Exercise brief:
Please print the entries below exactly, from the line with "Chinese Crested Puppies" through the line with "वट सावित्री व्रत", including both of those lines and leaving out all others.

BEGIN The input

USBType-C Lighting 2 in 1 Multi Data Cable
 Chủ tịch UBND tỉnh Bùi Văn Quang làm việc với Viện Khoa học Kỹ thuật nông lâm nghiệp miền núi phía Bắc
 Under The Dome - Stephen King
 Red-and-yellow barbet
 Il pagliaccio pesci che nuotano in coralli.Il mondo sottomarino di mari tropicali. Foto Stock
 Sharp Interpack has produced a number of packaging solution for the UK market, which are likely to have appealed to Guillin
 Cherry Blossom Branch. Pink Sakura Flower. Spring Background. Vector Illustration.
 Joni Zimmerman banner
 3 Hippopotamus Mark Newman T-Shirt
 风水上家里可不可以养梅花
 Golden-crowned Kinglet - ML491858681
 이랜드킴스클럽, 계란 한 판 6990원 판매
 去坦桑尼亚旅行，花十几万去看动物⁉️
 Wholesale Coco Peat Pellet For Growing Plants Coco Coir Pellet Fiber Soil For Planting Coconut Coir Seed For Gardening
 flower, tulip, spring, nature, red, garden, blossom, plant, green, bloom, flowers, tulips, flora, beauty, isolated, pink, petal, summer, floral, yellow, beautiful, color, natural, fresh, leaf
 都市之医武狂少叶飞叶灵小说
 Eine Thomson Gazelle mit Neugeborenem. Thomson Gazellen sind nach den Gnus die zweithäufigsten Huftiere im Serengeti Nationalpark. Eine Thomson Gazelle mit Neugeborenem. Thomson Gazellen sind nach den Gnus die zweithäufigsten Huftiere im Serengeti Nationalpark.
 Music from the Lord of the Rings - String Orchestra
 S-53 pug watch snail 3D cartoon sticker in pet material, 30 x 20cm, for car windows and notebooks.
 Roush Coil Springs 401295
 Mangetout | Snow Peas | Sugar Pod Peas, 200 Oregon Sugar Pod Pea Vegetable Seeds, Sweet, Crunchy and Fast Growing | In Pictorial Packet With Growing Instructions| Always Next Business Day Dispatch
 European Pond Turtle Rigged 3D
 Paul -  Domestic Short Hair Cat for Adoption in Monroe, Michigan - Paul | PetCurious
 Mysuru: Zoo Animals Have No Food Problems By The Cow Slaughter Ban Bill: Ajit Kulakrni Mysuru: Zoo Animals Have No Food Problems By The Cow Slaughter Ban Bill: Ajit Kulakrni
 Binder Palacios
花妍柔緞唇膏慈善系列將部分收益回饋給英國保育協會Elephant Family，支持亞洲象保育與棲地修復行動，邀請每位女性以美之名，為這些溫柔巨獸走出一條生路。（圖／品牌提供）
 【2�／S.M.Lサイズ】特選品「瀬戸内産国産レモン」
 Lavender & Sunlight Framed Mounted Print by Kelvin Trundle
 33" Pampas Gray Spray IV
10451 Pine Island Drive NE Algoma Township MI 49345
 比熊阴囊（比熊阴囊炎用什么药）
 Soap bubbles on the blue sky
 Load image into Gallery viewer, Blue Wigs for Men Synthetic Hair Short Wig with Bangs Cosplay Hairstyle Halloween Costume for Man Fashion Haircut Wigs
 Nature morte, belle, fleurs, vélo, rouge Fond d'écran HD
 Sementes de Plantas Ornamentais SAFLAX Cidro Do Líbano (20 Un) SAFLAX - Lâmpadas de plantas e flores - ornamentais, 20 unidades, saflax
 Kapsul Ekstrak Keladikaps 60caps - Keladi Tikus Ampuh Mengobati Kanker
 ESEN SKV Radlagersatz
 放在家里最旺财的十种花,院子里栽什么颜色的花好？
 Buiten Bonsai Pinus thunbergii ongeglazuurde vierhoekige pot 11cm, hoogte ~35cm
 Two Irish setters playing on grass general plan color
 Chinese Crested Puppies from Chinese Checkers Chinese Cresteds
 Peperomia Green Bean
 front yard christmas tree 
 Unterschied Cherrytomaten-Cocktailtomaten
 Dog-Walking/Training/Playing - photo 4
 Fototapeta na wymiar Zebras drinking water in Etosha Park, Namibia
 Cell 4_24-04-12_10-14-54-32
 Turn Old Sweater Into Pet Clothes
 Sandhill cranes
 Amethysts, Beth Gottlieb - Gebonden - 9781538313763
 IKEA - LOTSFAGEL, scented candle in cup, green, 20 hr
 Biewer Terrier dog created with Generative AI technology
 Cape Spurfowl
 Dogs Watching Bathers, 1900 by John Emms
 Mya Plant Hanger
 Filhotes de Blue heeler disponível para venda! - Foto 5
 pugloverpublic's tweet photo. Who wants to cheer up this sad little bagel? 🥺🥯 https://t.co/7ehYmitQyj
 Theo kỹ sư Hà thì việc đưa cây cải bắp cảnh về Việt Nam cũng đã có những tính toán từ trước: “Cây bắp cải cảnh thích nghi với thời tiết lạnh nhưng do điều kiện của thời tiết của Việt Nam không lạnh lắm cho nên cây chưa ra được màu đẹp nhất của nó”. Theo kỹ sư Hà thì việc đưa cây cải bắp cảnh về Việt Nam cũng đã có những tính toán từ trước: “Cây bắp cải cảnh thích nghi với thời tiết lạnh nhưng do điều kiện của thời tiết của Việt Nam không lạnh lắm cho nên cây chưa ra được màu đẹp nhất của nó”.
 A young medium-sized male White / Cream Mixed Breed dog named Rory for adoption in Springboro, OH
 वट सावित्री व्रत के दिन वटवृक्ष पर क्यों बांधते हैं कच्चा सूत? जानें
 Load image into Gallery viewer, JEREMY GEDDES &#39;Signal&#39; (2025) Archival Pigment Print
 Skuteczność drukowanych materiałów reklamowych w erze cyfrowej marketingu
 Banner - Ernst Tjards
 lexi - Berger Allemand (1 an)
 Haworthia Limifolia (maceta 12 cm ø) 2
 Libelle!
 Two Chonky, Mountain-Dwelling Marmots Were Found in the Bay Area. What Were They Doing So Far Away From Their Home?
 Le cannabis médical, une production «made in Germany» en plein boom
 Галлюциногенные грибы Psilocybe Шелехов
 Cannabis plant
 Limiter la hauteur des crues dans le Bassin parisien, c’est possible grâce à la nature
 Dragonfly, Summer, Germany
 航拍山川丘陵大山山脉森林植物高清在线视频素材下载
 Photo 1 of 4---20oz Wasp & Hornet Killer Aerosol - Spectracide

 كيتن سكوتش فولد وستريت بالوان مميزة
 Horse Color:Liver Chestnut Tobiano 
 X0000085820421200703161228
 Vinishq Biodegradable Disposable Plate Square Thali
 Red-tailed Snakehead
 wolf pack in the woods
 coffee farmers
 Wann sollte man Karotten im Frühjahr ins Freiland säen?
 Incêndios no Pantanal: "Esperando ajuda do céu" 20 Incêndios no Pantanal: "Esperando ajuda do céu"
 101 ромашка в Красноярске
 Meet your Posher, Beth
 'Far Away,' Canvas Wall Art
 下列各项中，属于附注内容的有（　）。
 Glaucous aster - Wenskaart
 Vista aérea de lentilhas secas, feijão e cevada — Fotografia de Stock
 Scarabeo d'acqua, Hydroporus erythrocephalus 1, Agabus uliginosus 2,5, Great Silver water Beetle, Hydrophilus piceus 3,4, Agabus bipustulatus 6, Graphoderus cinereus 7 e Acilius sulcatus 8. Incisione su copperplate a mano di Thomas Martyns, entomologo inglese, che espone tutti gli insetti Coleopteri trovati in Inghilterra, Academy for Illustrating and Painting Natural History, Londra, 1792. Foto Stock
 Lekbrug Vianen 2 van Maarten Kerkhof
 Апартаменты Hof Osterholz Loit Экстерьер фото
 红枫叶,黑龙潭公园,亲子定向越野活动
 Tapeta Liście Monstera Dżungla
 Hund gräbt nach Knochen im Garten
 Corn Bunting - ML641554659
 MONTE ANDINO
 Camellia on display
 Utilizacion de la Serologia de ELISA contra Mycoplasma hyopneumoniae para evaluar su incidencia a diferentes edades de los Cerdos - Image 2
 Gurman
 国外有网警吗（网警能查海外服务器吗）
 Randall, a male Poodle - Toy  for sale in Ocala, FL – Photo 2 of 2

END The input

Result:
 Chinese Crested Puppies from Chinese Checkers Chinese Cresteds
 Peperomia Green Bean
 front yard christmas tree 
 Unterschied Cherrytomaten-Cocktailtomaten
 Dog-Walking/Training/Playing - photo 4
 Fototapeta na wymiar Zebras drinking water in Etosha Park, Namibia
 Cell 4_24-04-12_10-14-54-32
 Turn Old Sweater Into Pet Clothes
 Sandhill cranes
 Amethysts, Beth Gottlieb - Gebonden - 9781538313763
 IKEA - LOTSFAGEL, scented candle in cup, green, 20 hr
 Biewer Terrier dog created with Generative AI technology
 Cape Spurfowl
 Dogs Watching Bathers, 1900 by John Emms
 Mya Plant Hanger
 Filhotes de Blue heeler disponível para venda! - Foto 5
 pugloverpublic's tweet photo. Who wants to cheer up this sad little bagel? 🥺🥯 https://t.co/7ehYmitQyj
 Theo kỹ sư Hà thì việc đưa cây cải bắp cảnh về Việt Nam cũng đã có những tính toán từ trước: “Cây bắp cải cảnh thích nghi với thời tiết lạnh nhưng do điều kiện của thời tiết của Việt Nam không lạnh lắm cho nên cây chưa ra được màu đẹp nhất của nó”. Theo kỹ sư Hà thì việc đưa cây cải bắp cảnh về Việt Nam cũng đã có những tính toán từ trước: “Cây bắp cải cảnh thích nghi với thời tiết lạnh nhưng do điều kiện của thời tiết của Việt Nam không lạnh lắm cho nên cây chưa ra được màu đẹp nhất của nó”.
 A young medium-sized male White / Cream Mixed Breed dog named Rory for adoption in Springboro, OH
 वट सावित्री व्रत के दिन वटवृक्ष पर क्यों बांधते हैं कच्चा सूत? जानें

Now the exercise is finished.